START Information given
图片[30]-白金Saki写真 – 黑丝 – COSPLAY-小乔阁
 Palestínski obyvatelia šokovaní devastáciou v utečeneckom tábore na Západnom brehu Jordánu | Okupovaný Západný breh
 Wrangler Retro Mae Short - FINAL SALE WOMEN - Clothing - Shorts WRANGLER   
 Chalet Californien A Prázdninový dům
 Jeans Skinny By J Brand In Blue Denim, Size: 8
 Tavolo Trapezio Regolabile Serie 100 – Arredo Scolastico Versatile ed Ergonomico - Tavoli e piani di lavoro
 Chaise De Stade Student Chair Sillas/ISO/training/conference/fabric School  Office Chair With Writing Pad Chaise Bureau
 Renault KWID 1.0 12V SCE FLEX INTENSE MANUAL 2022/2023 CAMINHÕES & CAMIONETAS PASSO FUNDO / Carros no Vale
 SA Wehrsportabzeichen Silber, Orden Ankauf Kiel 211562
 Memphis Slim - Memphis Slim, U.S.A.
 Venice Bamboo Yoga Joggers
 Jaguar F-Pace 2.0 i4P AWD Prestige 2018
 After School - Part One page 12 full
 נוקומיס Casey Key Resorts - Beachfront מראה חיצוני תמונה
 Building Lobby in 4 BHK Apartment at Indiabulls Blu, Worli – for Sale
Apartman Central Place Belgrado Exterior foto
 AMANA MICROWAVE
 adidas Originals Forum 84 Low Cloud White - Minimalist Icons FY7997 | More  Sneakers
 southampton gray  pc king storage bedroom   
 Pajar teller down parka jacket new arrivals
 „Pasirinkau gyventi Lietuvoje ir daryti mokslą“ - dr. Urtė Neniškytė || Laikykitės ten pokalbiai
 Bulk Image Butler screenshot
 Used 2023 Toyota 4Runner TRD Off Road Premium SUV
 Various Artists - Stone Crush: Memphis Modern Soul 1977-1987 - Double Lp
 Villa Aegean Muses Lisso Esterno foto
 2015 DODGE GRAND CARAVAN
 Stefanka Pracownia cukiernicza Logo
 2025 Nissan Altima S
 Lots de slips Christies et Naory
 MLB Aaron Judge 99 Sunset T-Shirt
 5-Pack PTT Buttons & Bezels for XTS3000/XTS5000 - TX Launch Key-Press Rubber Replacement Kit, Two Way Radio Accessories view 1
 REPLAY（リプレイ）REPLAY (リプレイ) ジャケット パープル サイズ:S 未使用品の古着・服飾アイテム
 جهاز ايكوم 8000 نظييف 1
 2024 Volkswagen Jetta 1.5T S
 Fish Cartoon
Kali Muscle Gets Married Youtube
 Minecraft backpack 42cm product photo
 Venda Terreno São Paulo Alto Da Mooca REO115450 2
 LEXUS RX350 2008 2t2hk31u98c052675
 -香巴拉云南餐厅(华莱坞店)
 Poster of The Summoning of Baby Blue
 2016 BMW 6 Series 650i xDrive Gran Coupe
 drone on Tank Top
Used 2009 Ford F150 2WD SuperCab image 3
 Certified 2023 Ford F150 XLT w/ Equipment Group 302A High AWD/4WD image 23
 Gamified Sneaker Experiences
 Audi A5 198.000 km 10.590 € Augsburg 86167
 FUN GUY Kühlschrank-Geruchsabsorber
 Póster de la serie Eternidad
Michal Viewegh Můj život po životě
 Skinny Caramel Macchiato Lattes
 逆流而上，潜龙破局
END Information given
- _Work instruction_
Copy, without any change, the lines from the one that contains "2016 BMW 6 Series 650i xDrive Gran Coupe" to the final line of the entries above.

- _Completed task_
 2016 BMW 6 Series 650i xDrive Gran Coupe
 drone on Tank Top
Used 2009 Ford F150 2WD SuperCab image 3
 Certified 2023 Ford F150 XLT w/ Equipment Group 302A High AWD/4WD image 23
 Gamified Sneaker Experiences
 Audi A5 198.000 km 10.590 € Augsburg 86167
 FUN GUY Kühlschrank-Geruchsabsorber
 Póster de la serie Eternidad
Michal Viewegh Můj život po životě
 Skinny Caramel Macchiato Lattes
 逆流而上，潜龙破局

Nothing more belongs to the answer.